The growing communalization of politics in India and the absence of viable forces to combat it do not provide grounds for optimism in 2003
Helplessness and its consequent frustration have a tendency to lapse into cynicism and apathy. That is the danger inherent in the political possibilities that lie ahead in the year 2003. It will be stupid to deny that communal politics and mobilization along religious lines have come to stay in the body politic in India. How the republic of India, its intelligentsia and political parties combat, cope with or adapt to this growing phenomenon will be the critical questions in the immediate future. There are two faces to the growing communalization of Indian society. One is the Islamic face which has global links and connections. Sections of Muslims in India, feeling beleaguered and falling back on the more fundamentalist aspects of their faith, are taking to violence. The other face relates to majoritarian communalism in India. This is represented by the Bharatiya Janata Party and the other bodies owing allegiance to the ideological family, the sangh parivar, to which the BJP also belongs. There is the argument that ostracism of the sangh parivar will only serve to make it more extremist and irresponsible. This argument proposes to accommodate the BJP within the mainstream of Indian politics to make it pursue a middle-of-the-road political line. There is a danger in this. The historical precedent of Nazi Germany shows how devastating such an experiment can be. The playing out of this process, somewhat outside the control of the immediate actors, will determine the nature of Indian politics and thus the character of the nation.
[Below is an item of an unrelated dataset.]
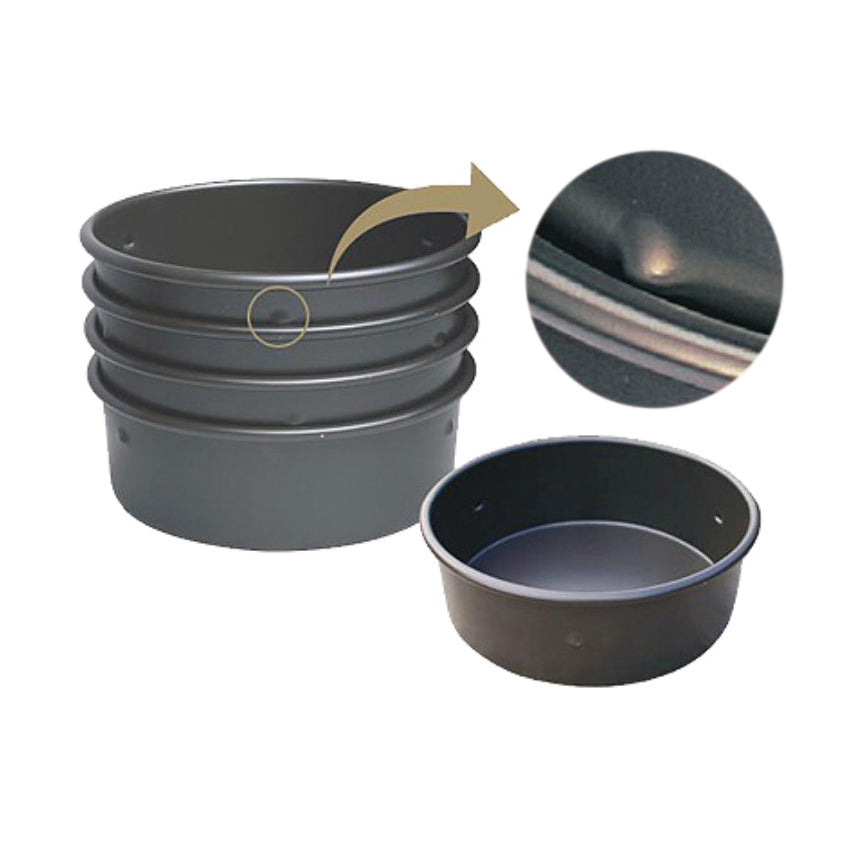 Stack of gray deep round Sanneng cake pans with a close-up of one pan on a white background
If the growing importance of the BJP and Hindutva is undeniable then so is the absence of any effective force to combat them and to reinstate secularism in its rightful place in Indian life. The Congress, in the past, has been the principal champion of secularism. The Congress now is in ideological and even perhaps in organizational disarray. It has no ideological direction. Witness its decision to pursue a soft Hindutva line in its election campaign in Gujarat. The other political force committed to secularism is the left which has no presence in national politics. The Samajwadi Party is a bulwark against the BJP in Uttar Pradesh but its advocacy of secularism is somewhat ersatz because of its strong caste orientation. It has become a feature of Indian politics that modern political parties use pre-modern aspects of Indian life, like caste and religion, for their political mobilization. This has facilitated the growth of the politics of hatred and has made the establishment of the secular project appear half-cocked.
Cynicism can only aid this process. But there exists no ground for optimism. The grand vision of building a modern India: powerful, democratic , tolerant and dynamic, increasingly seems like a chimera. The coming year might re- define the Indian republic but that by itself may not provide a basis for hope for those who are still inspired by that grand vision.